EXERCISE DIRECTIONS - From the first line to the last, output the data exactly as it stands, minus its pictures.

(Beginning of DATA PROVIDED)

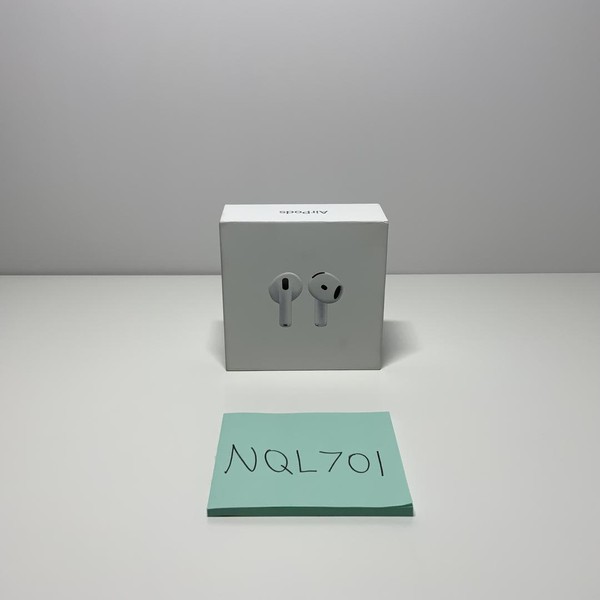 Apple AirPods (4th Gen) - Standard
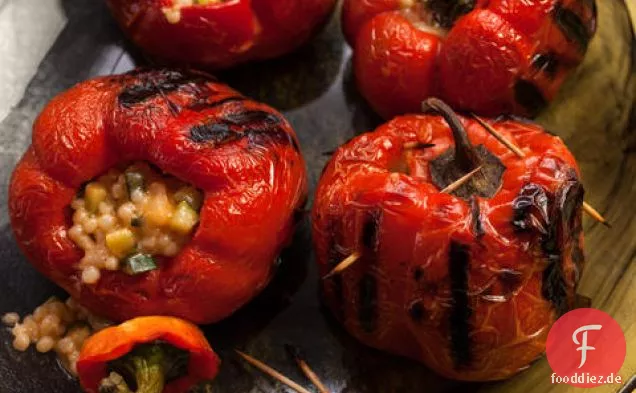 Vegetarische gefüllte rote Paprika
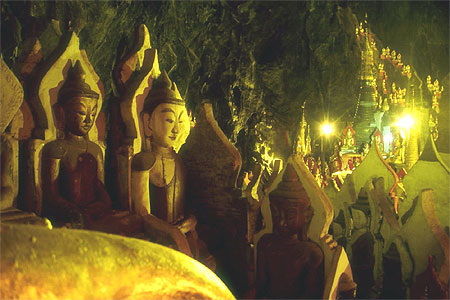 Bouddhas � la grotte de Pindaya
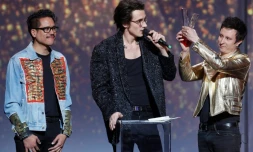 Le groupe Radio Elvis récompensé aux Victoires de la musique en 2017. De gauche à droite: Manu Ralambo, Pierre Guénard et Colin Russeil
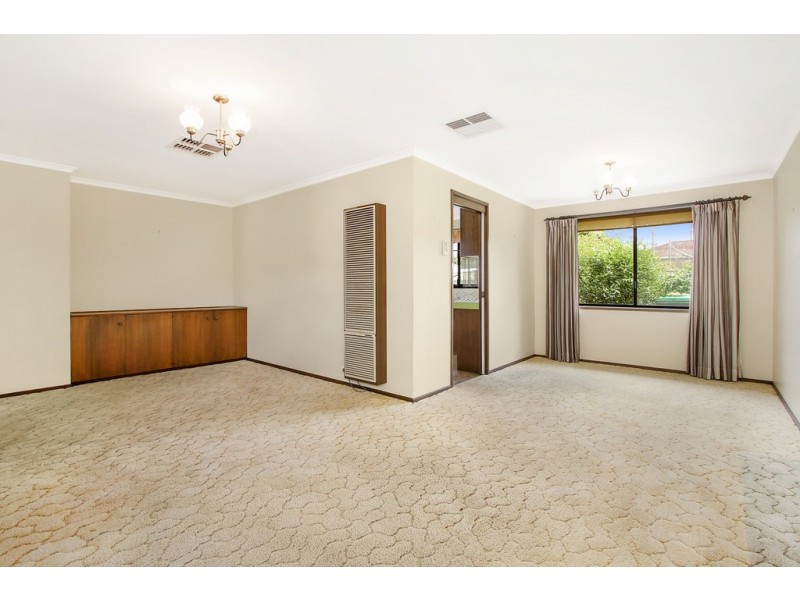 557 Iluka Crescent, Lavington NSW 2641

(End of DATA PROVIDED)

EXERCISE ANSWER -
 Apple AirPods (4th Gen) - Standard
 Vegetarische gefüllte rote Paprika
 Bouddhas � la grotte de Pindaya
 Le groupe Radio Elvis récompensé aux Victoires de la musique en 2017. De gauche à droite: Manu Ralambo, Pierre Guénard et Colin Russeil
 557 Iluka Crescent, Lavington NSW 2641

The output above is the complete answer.